Exclude images and print all the records verbatim.

(AVAILABLE DATA Opens)

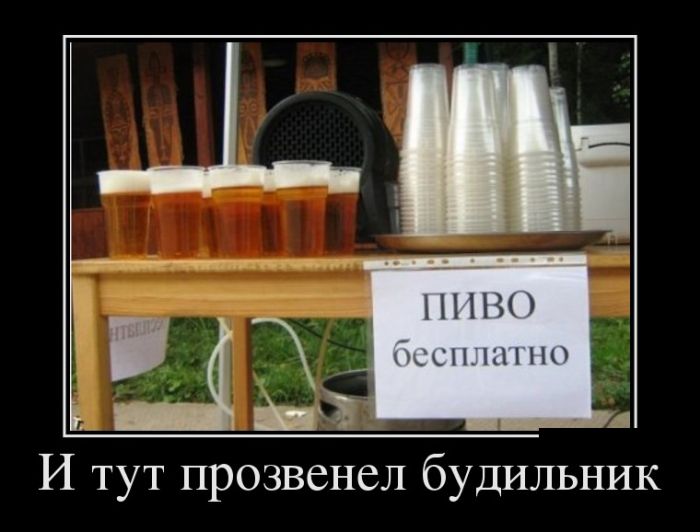 Прикольные демотиваторы, новые картинки с фразами.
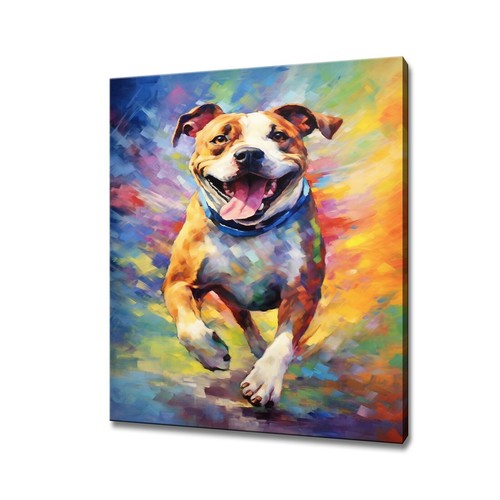 American staffordshire terrier - staffordshire,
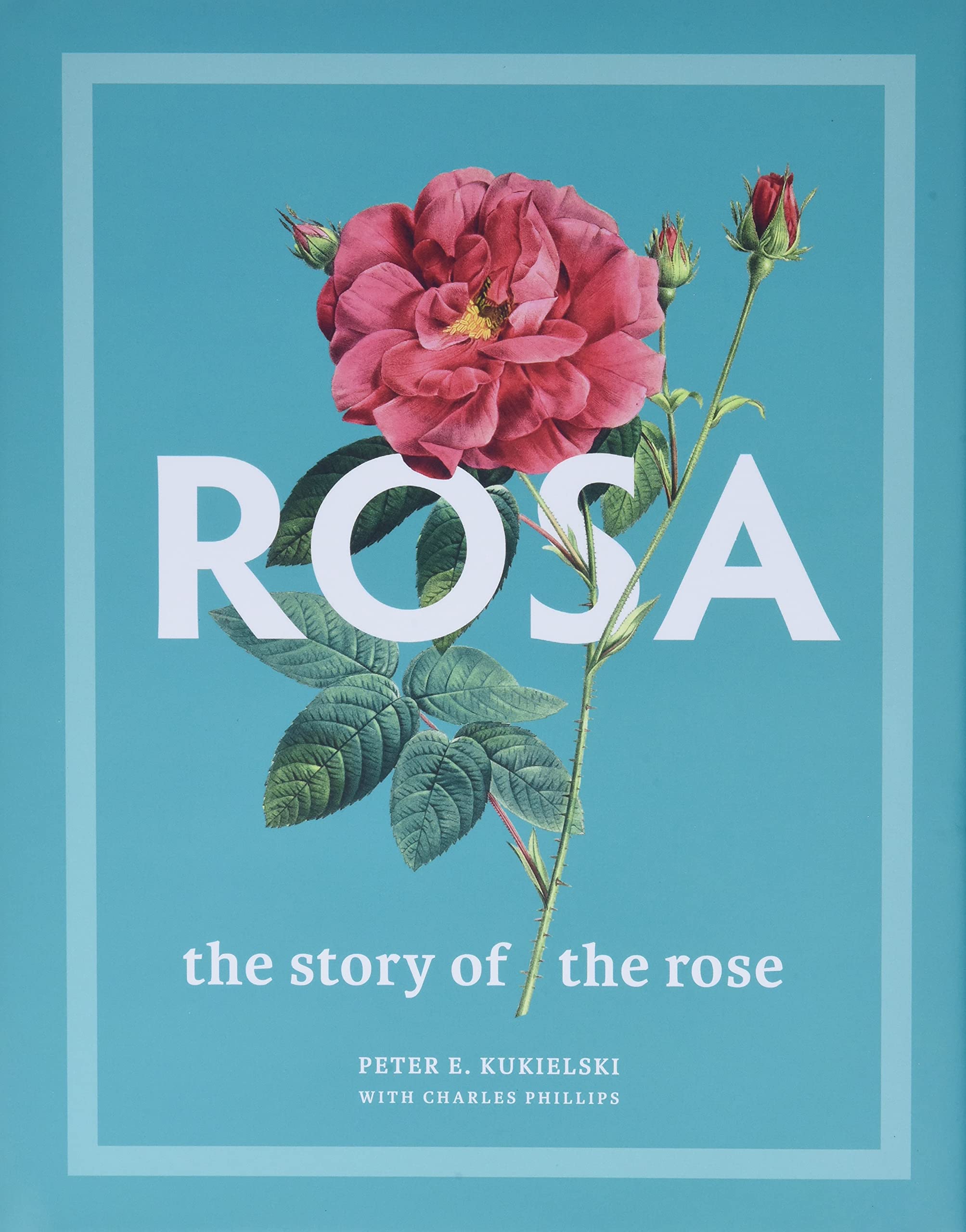 Rosa: The Story of the Rose,Used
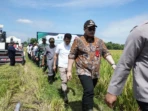 Mas Dhito Perkuat Irigasi Sawah Hadapi Kemarau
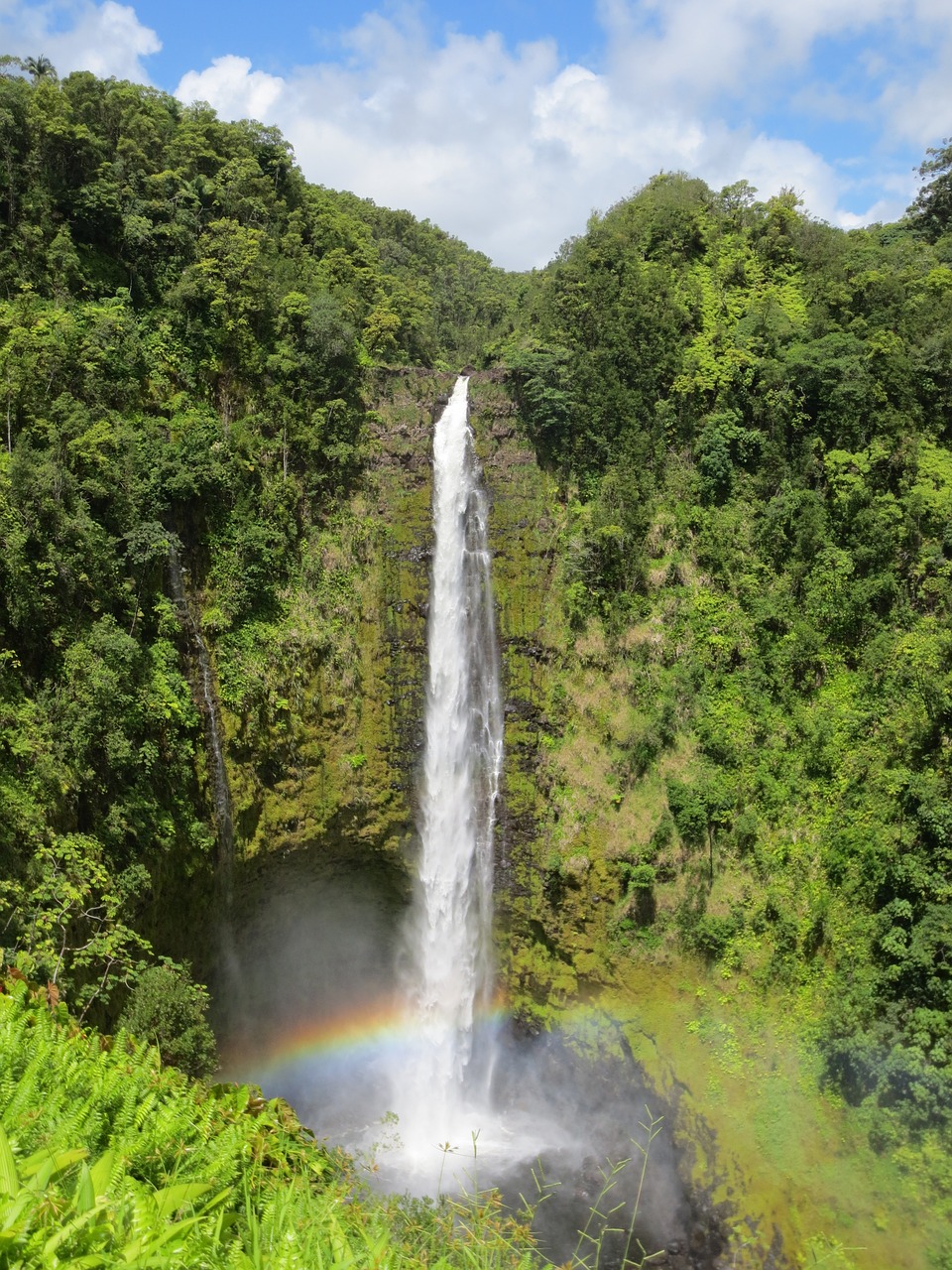 Kriokliai, Hawaii, Akaka Patenka, Parkas, Rojus, Nemokamos Nuotraukos,  Nemokama Licenzija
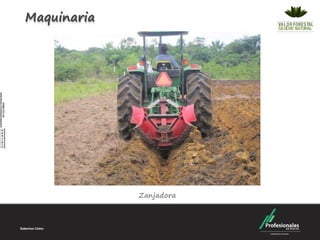 Maquinaria




             Zanjadora
 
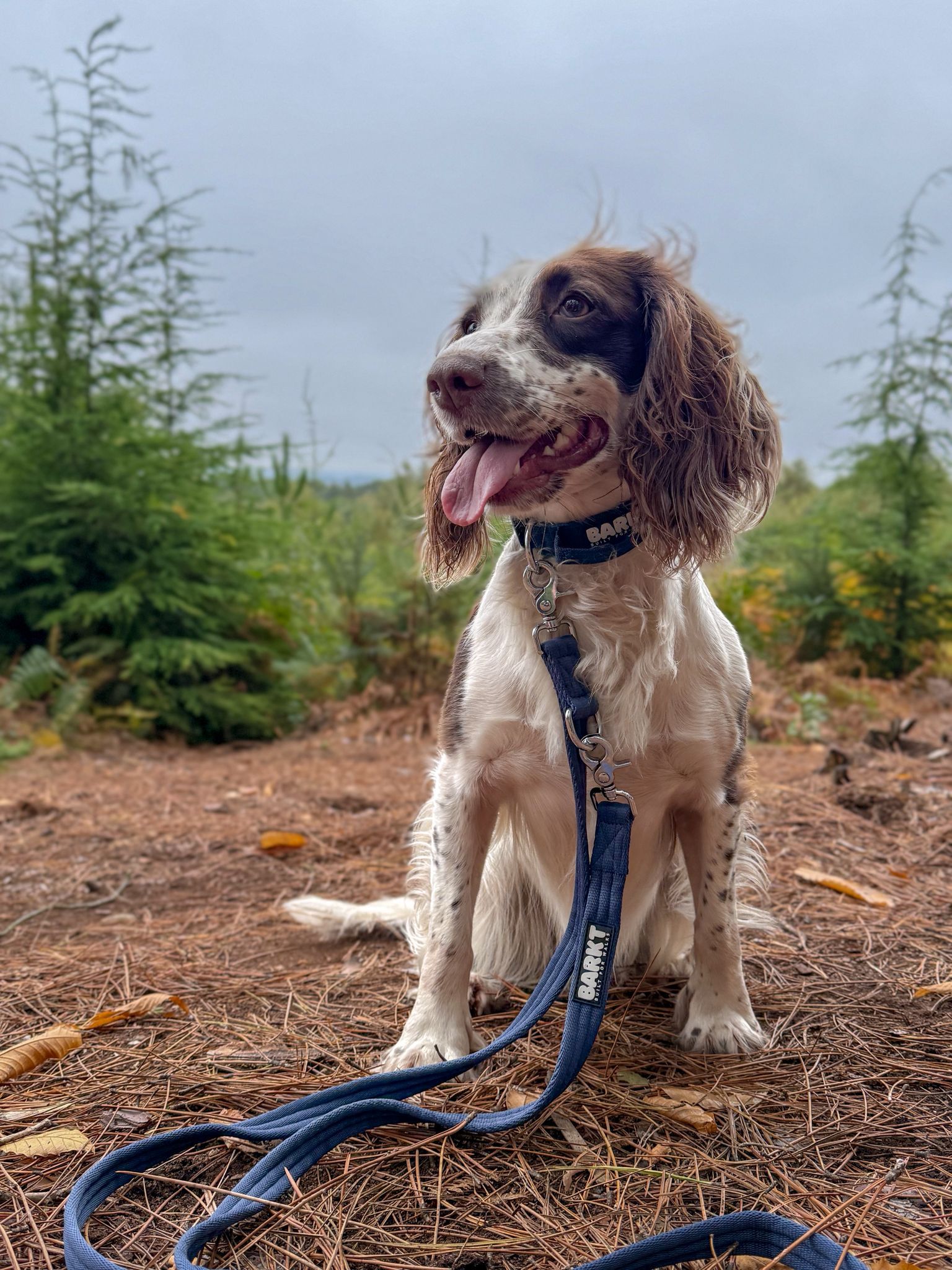 Barkt Double-Ended Lead 2.1m Length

(AVAILABLE DATA Closes)

RESULT OF THIS EXERCISE:
 Прикольные демотиваторы, новые картинки с фразами.
 American staffordshire terrier - staffordshire,
 Rosa: The Story of the Rose,Used
 Mas Dhito Perkuat Irigasi Sawah Hadapi Kemarau
 Kriokliai, Hawaii, Akaka Patenka, Parkas, Rojus, Nemokamos Nuotraukos,  Nemokama Licenzija
 Maquinaria




             Zanjadora
 
 Barkt Double-Ended Lead 2.1m Length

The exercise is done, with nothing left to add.